Data extracts Block Start

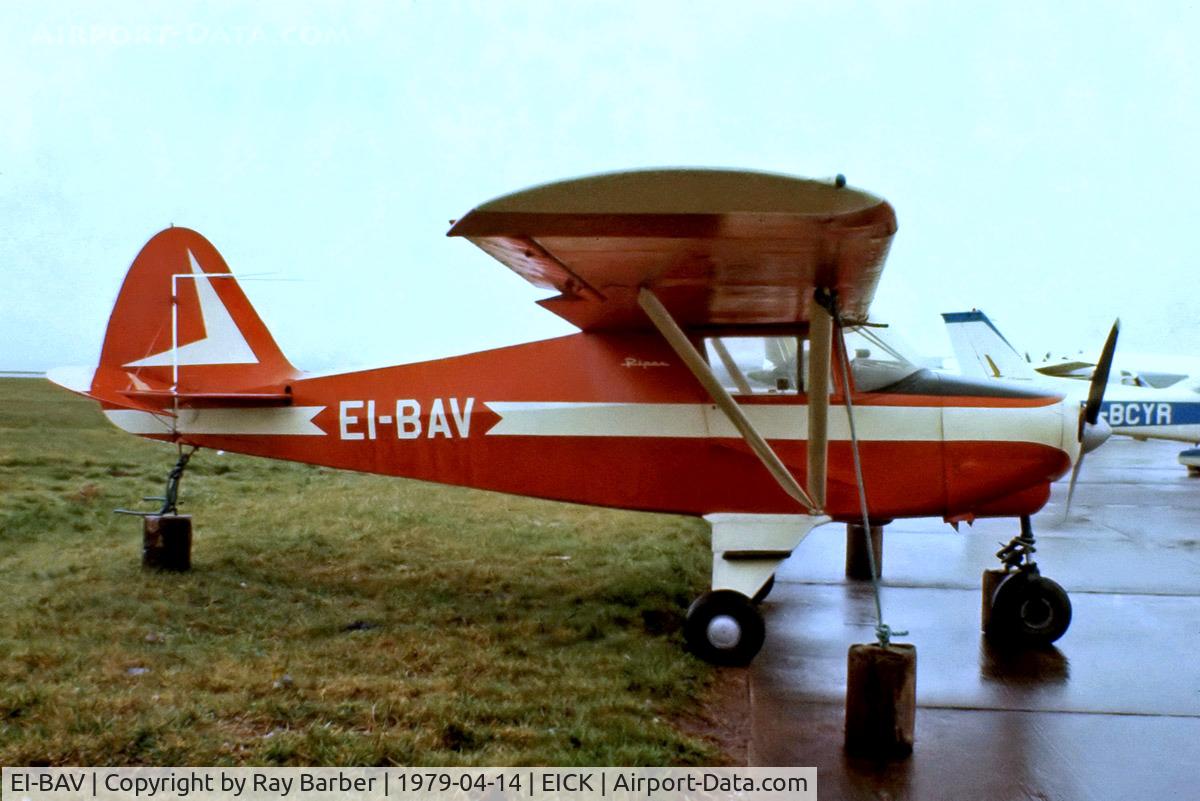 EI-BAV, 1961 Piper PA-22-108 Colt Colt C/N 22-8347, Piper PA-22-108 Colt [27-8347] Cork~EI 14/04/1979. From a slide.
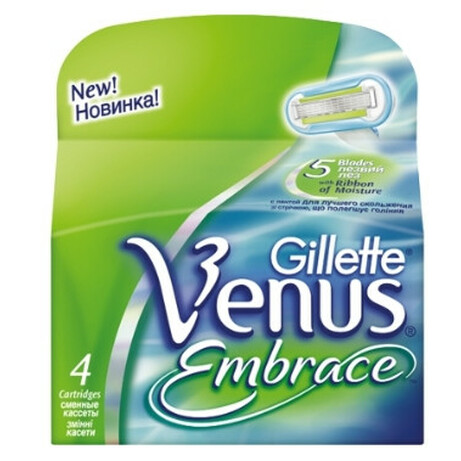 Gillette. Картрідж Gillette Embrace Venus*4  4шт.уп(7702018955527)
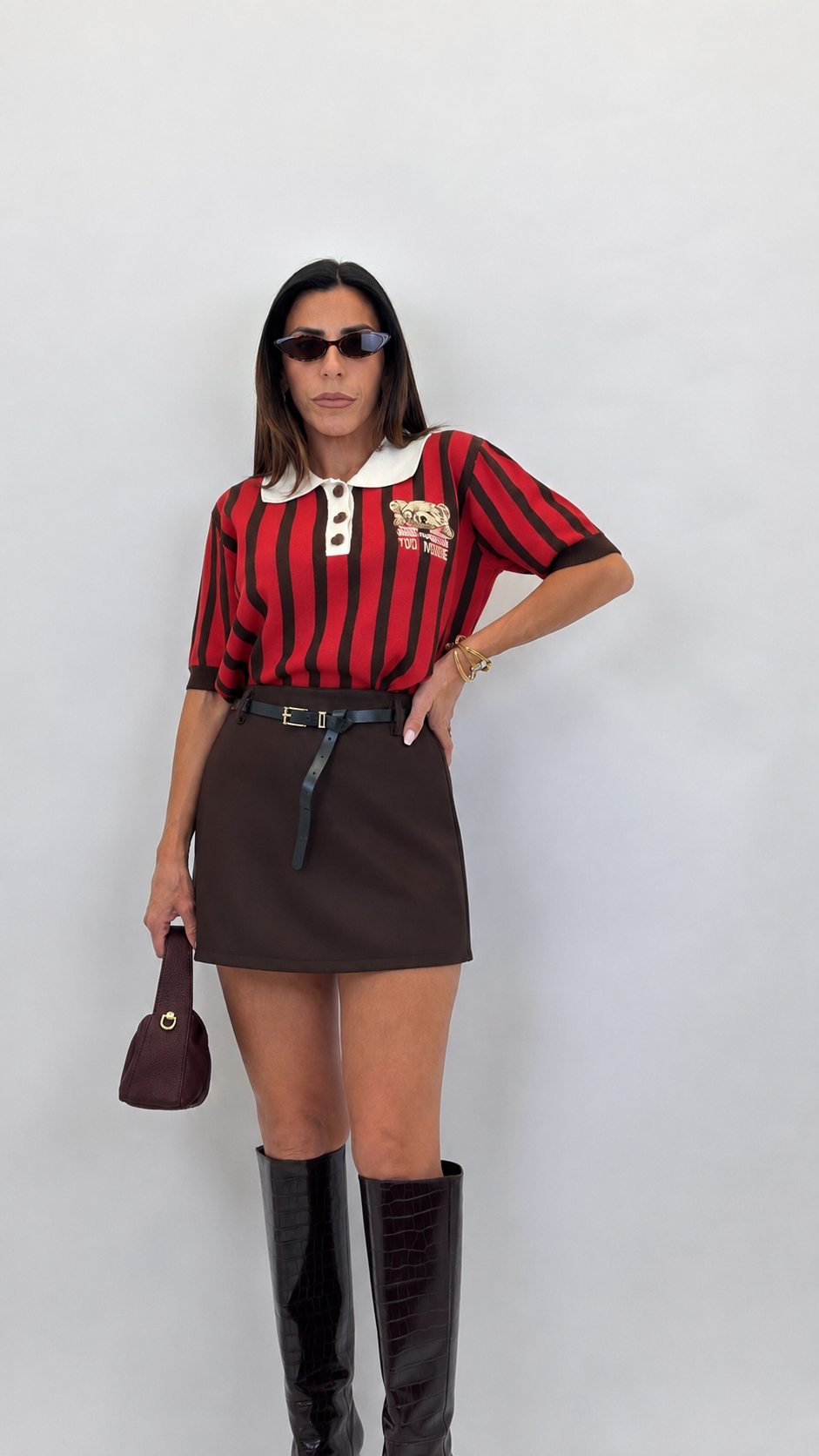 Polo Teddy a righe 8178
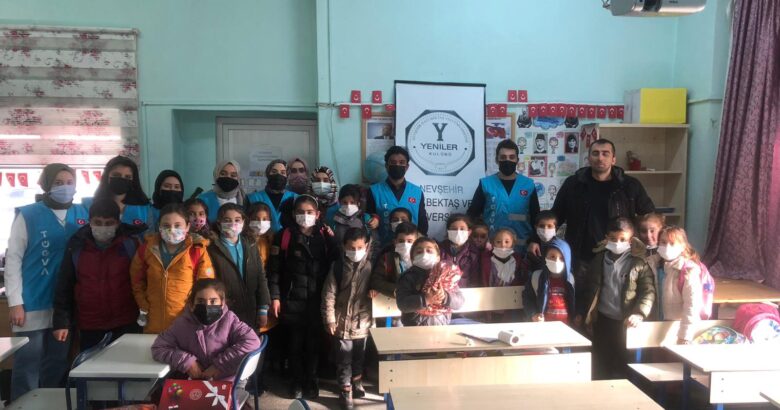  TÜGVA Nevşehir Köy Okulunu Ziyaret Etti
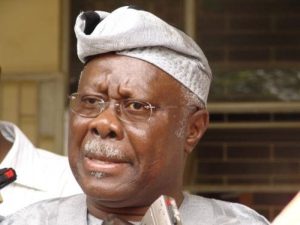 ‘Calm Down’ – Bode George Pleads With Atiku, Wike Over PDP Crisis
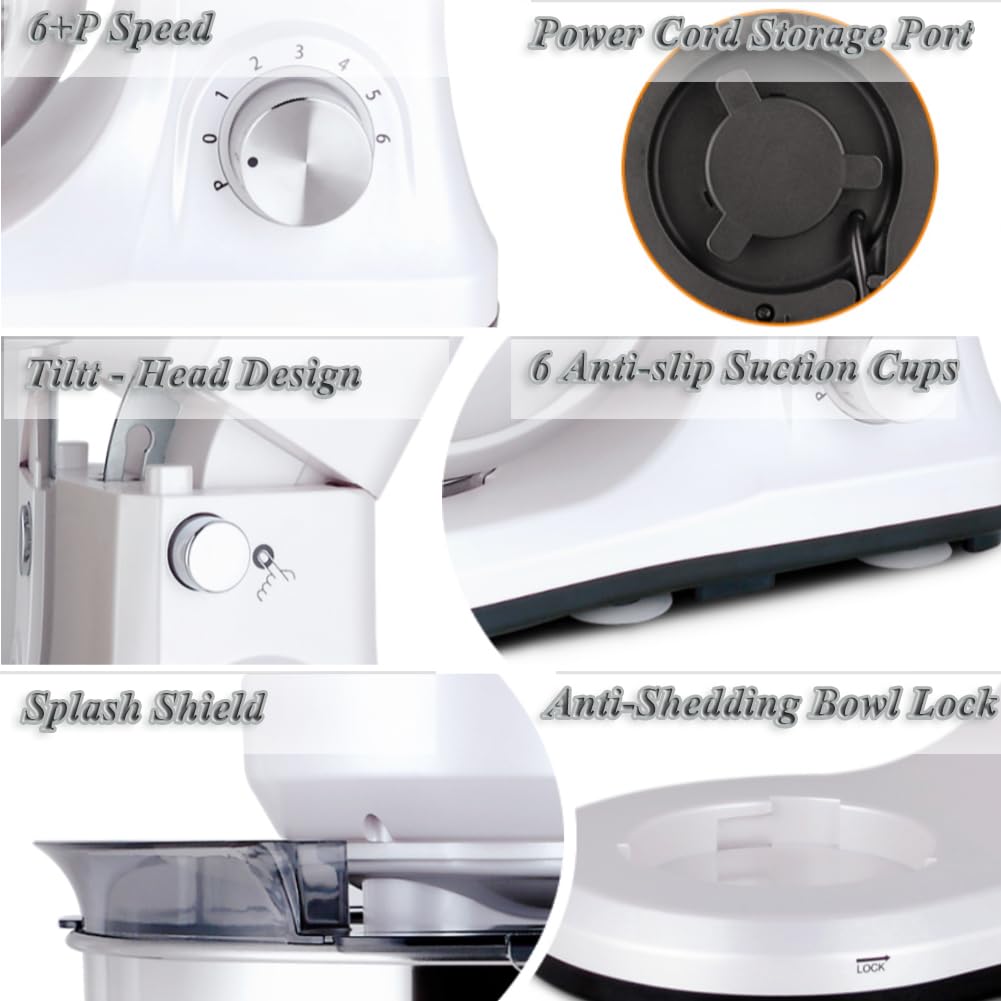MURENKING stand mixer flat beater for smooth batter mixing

Data extracts Block End

• Exercise directions
Leaving out the pictures, repeat all of the entries exactly.

• Answer to the problem
 EI-BAV, 1961 Piper PA-22-108 Colt Colt C/N 22-8347, Piper PA-22-108 Colt [27-8347] Cork~EI 14/04/1979. From a slide.
 Gillette. Картрідж Gillette Embrace Venus*4  4шт.уп(7702018955527)
 Polo Teddy a righe 8178
  TÜGVA Nevşehir Köy Okulunu Ziyaret Etti
 ‘Calm Down’ – Bode George Pleads With Atiku, Wike Over PDP Crisis
MURENKING stand mixer flat beater for smooth batter mixing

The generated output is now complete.